AN AIRCRAFT engineer has been awarded almost £25,000 after winning his case for constructive dismissal against British Airways.

John Higgins, from High Blantyre, South Lanarkshire, was sacked after installing the wrong part on a plane at British Airways Maintenance Glasgow (BAMG) last March.

He claims he was under extreme pressure due to staffing problems, an excessive workload and unreasonable timescales and said the error "did not compromise the safe operation of the aircraft".

However, bosses at BA claimed that it did and sacked Mr Higgins before offering him a demoted post on appeal.

As the new post was three grades below his position as aircraft maintenance supervisor and attracted half the salary, the engineer rejected, leaving him to resign.

In a written judgment on the case, employment judge Susan Walker found that the sanction imposed by BA was "draconian" and "unjustified", She awarded Mr Higgins, who had an unblemished 27-year career with BA, £24,654.

Judge Walker said: "The Tribunal had little difficulty in concluding that demotion of three grades with the associated drop in pay and responsibility was likely to seriously damage the relationship of trust and confidence between the parties.

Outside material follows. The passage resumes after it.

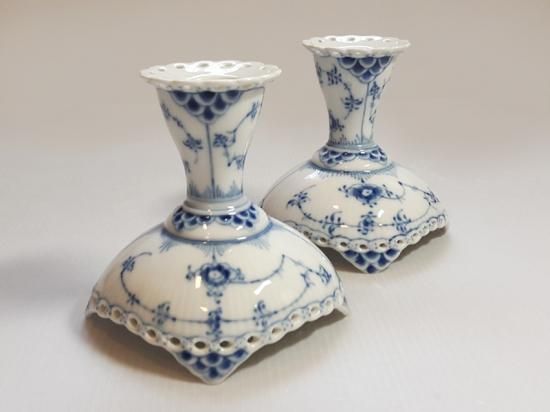 ロイヤルコペンハーゲン ブルーブルーテッド フルレース キャンドル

"It would be humiliating for the claimant with his length of service and experience to go back to this relatively junior grade and have his supervisory responsibilities removed from him.

"The tribunal considered that BA did not have 'reasonable and proper cause' in all the circumstances, viewed objectively, for the sanction it imposed."

The tribunal was told that BAMG was seriously short-staffed on March 1 and 2 last year when Mr Higgins was overseeing work on an Airbus A321.

One of the contractors working under him damaged a wire and Mr Higgins repaired it with a splice which turned out to be the wrong one.

BA argued that the repair he carried out was important to the safety of the plane, but judge Walker found that manager Brian Queally had "overstated" the seriousness of the situation.

The plane also had two of these parts so if Mr Higgins' mistake had caused a safety breach, there was a back-up in place to deal with it.

Furthermore, the tribunal was told that the incident was not reported to the Civil Aviation Authority so, in line with safety guidelines, could not have been deemed to "endanger an aircraft, its occupants or any other person".

Mr Higgins tried to claim that he had been sacked for raising safety concerns over procedures at BA but that aspect of his case was thrown out. His award was also reduced by 50 per cent because he contributed to his dismissal.

A BA spokeswoman said: "We are pleased that the whistleblowing claims were not upheld, but we are disappointed with the outcome of the tribunal. We feel we acted fairly and properly."